Similarly, in America, we are not punished for having a bad thought, but for committing a criminal act. 


Yet, in China just being suspected of harboring disobedient thoughts can get you (and your family) into a whole lot of trouble and necessitate your rehabilitation through coercion. 


For the last week, I have not been able to stop thinking about the image of the lady on the stool for 14-hours a day starting at those three questions in order to reform her. 


Treating people like misbehaving children who are put in a quiet corner of the classroom for a short time and told to think about what they did and when they are ready, they can come back and join the rest of the class. 


But these are not misbehaving, they are not children, they are not in a classroom, and it is not contemplative for a short time, but punitive and threatening of much worse to come if they don't comply. 


There are so many horrors out there that can be inflicted on human beings--not even for doing something wrong and violent, but for simply not agreeing with those in power. 


Of course the state is important. But perhaps it is not a state, but a prison, if the people are forced to consent both in body and mind?
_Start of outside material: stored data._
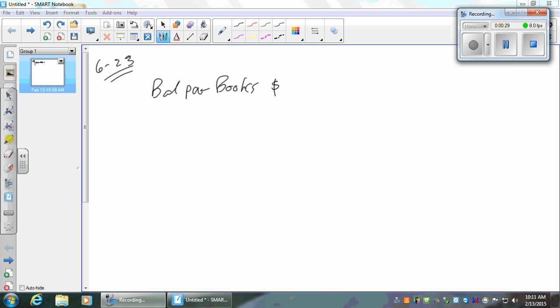I want to start with that balance on one side — you can go down the page, however you want to do it. And then balance per bank — that's what's on my bank statement. So I've got two different balances for cash, and probably neither one's right. What I'm going to do is find the things that I know about that the bank doesn't know about, and I'll adjust the bank for that.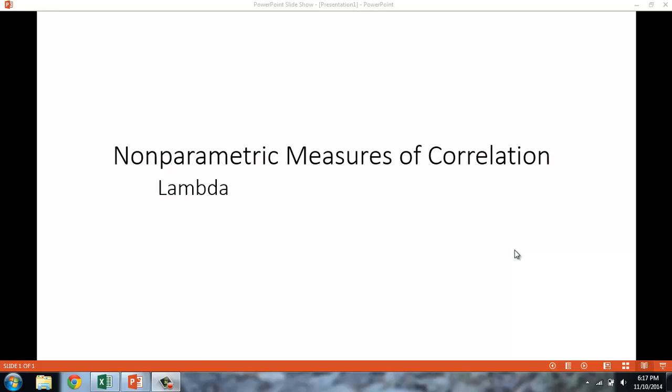In this video, we'll cover nonparametric measures of correlation, specifically lambda. Lambda is a useful measure of correlation for nominal-level data.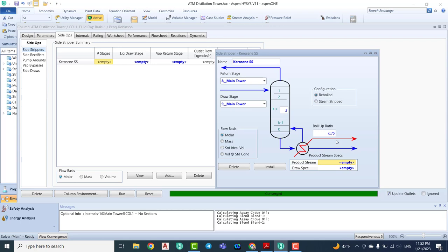For the configuration, we have two options: reboiler and steam stripper. With a reboiler, the kerosene coming out from the bottom of the tower is sent to a kettle-type reboiler. The boil-up ratio is 0.75, meaning 75% of the kerosene is returned back inside the stripper to heat up and remove any light hydrocarbons from the curiosity/kerosene. The remaining 25% is the product.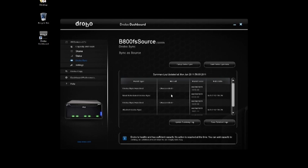DroboSync is the easiest off-site backup solution that's available on the market, and the exact type of solution that a small business or an individual professional organization that has a lot of data and needs to protect it could use for a really great off-site backup solution for a large amount of data.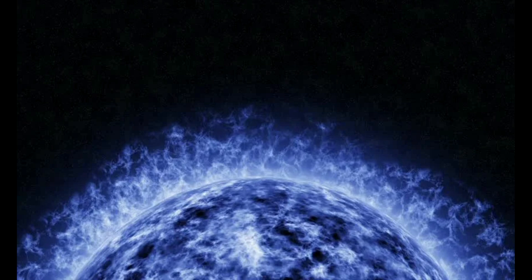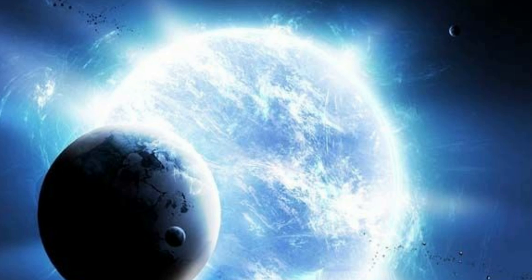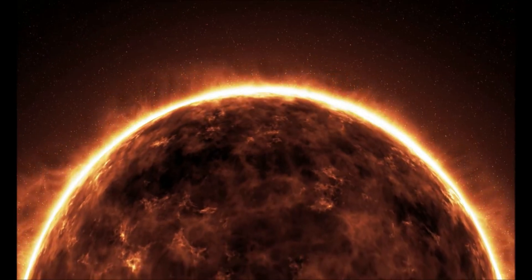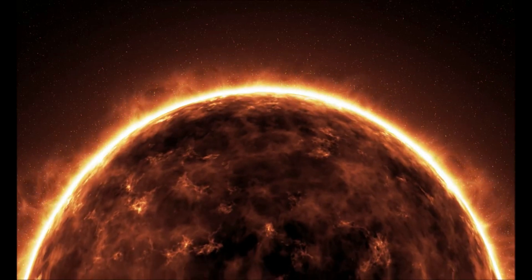Blue hyper giants have surface temperatures of 50,000 degrees Celsius. Because of their extreme temperatures, their brightness would be 300 times that of the Sun. These stars only live a few million years because they burn their fuel in large amounts.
I would suggest that we can learn from the Chinese that a hedonistic, near-constant focus on the "I" and immediate gratification does not achieve long-term, well being for the "us". And that there is an important place for individual self-sacrifice for the greater good.


This reminds me of the Jewish saying from Ethics of Our Fathers, where Hillel says that "If I am not for myself, who will be for me? And if I am only for myself what am I?"


Perhaps, a balance of looking after oneself and giving generously to others and the Nation can provide for both personal growth and satisfaction as well as a higher, long-term, purpose for the survival and advancement of the collective. 


My belief: Education and not reeducation is the answer. Good jobs with fair pay and benefits and not labor camps is the answer. Self-determination and sacrifice and not State protectionism is the answer.